◆ **Prompt**
Transcribe the entries below word for word, beginning at the line with "Le biporteur Bakfiets" and stopping after the line with "Gold Düğme Kuşaklı Yelek Takım Mürdüm"; drop all pictures.

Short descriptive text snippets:
··········

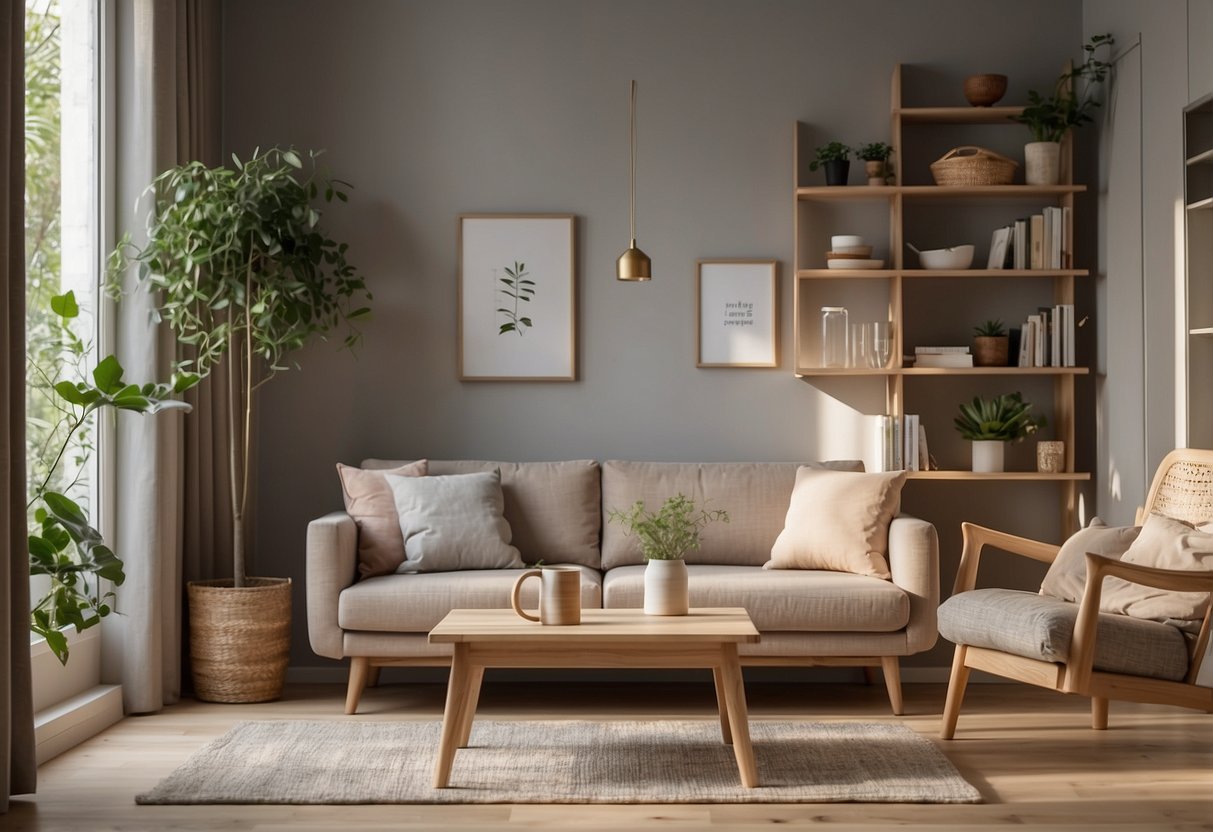 A room with a cozy, well-lit corner featuring a limed oak furniture set. The furniture includes a table, chairs, and a bookshelf, creating a warm and inviting atmosphere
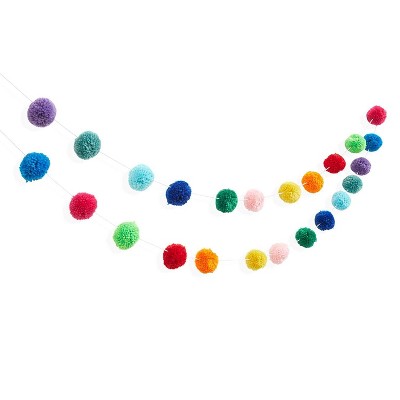  10ft Rainbow Pom Pom Wool Felt Ball Banner Garland Decorations for Birthday Baby Shower Party Supplies Favors, with 24 Balls 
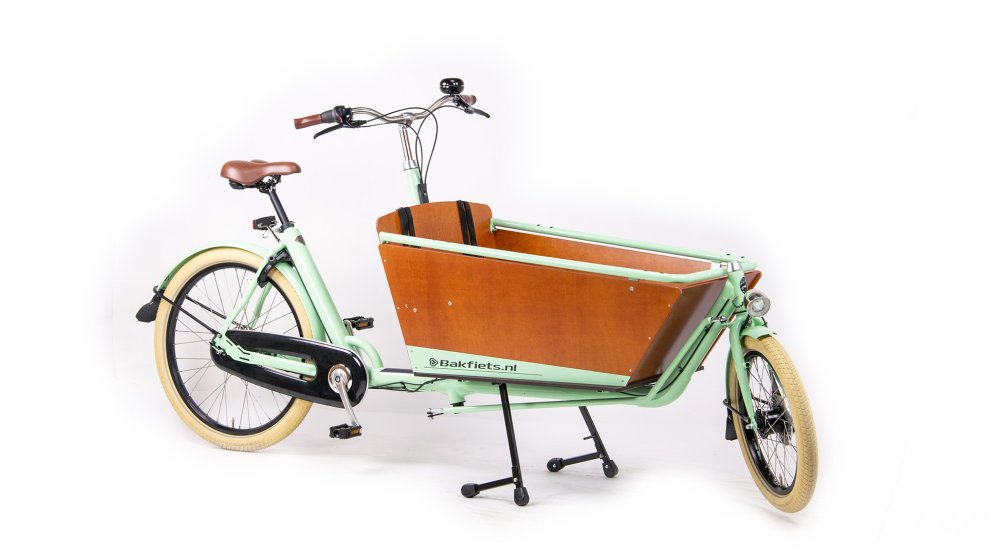 Le biporteur Bakfiets Confort avec un cadre couleur crème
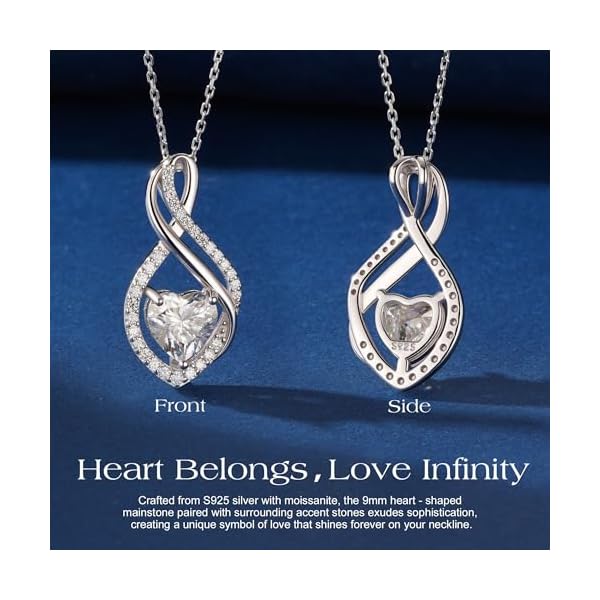 MOOSEA Infinity Moissanite Pendant Necklace, 1-3ct Lab Created Moissanite Necklace 925 Sterling Silver Anniversary Birthday Wedding Gifts for Women Wife Her, Dainty Heart Necklaces Jewelry Gift - Image 5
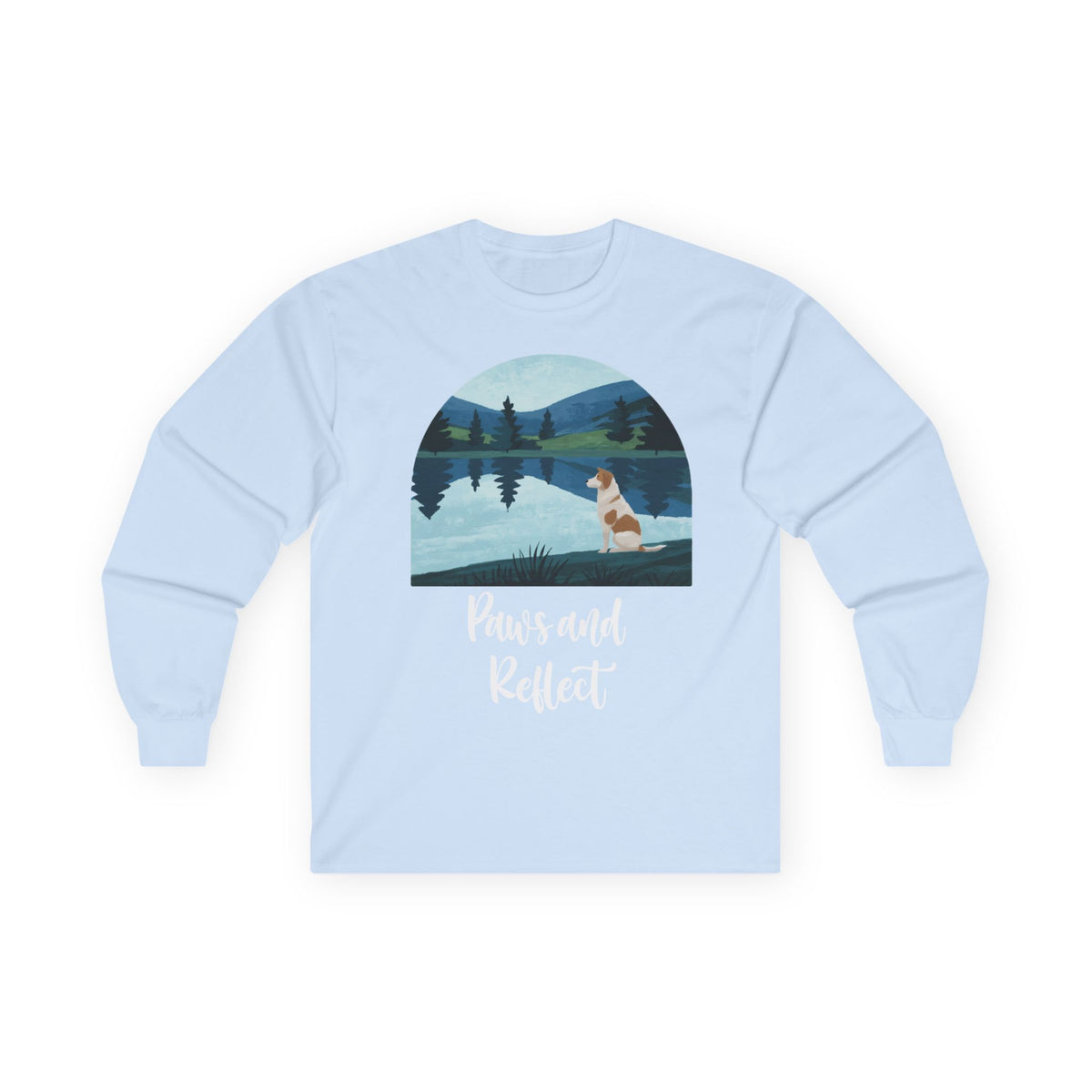 Paws and Reflect Beagle Long Sleeve Tee in Light Blue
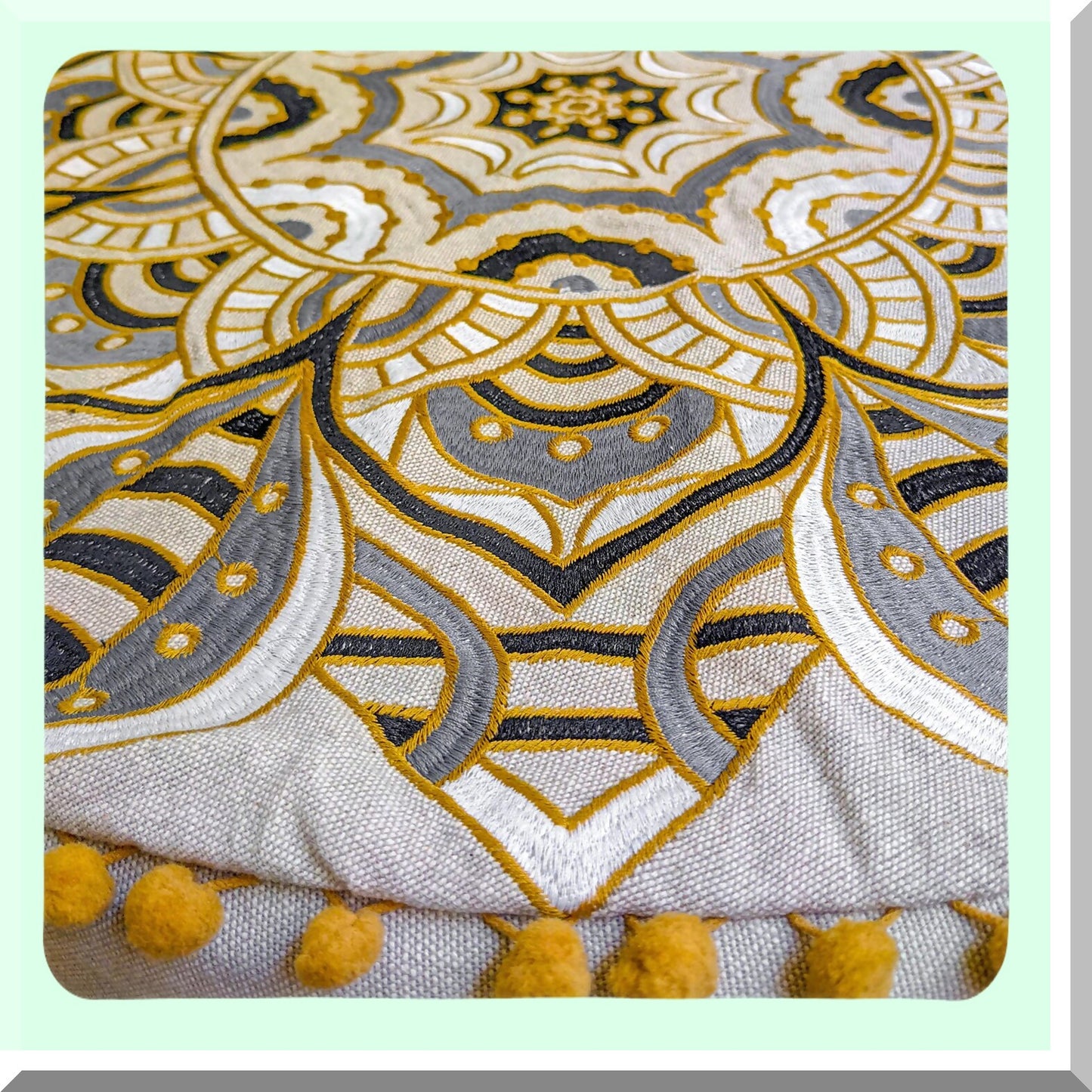 Bohemian Bliss Floor Pouf Cover - 24x8 inches - Moroccan Style Ottoman Slipcover - Yoga Meditation Pillow - Footstool Boho Room Decor - Unique Furniture Accent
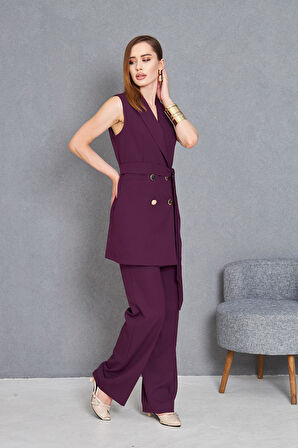 Gold Düğme Kuşaklı Yelek Takım Mürdüm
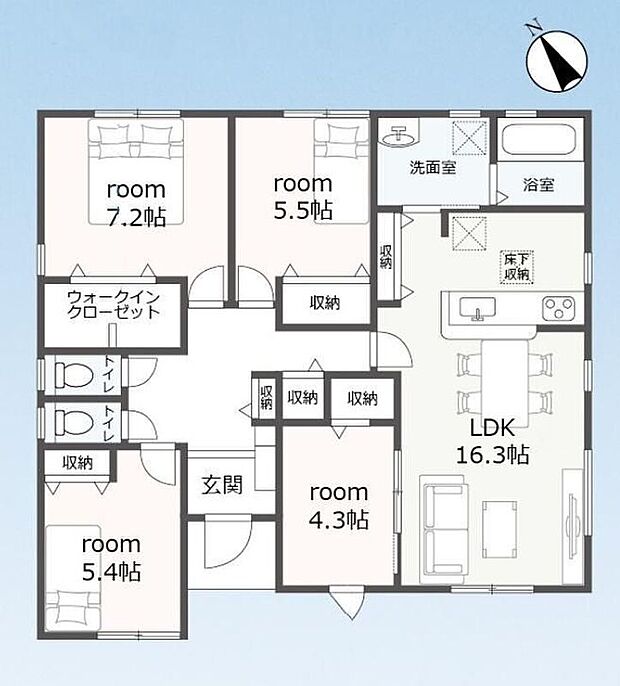 【4LDK】約68坪の暮らしやすさを追求した平屋建て☆トイレを並べて2つ設置しているので、朝の忙しい時間や、体調が悪いご家族がいても安心です♪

··········

◆ **Task solution**
 Le biporteur Bakfiets Confort avec un cadre couleur crème
 MOOSEA Infinity Moissanite Pendant Necklace, 1-3ct Lab Created Moissanite Necklace 925 Sterling Silver Anniversary Birthday Wedding Gifts for Women Wife Her, Dainty Heart Necklaces Jewelry Gift - Image 5
 Paws and Reflect Beagle Long Sleeve Tee in Light Blue
 Bohemian Bliss Floor Pouf Cover - 24x8 inches - Moroccan Style Ottoman Slipcover - Yoga Meditation Pillow - Footstool Boho Room Decor - Unique Furniture Accent
 Gold Düğme Kuşaklı Yelek Takım Mürdüm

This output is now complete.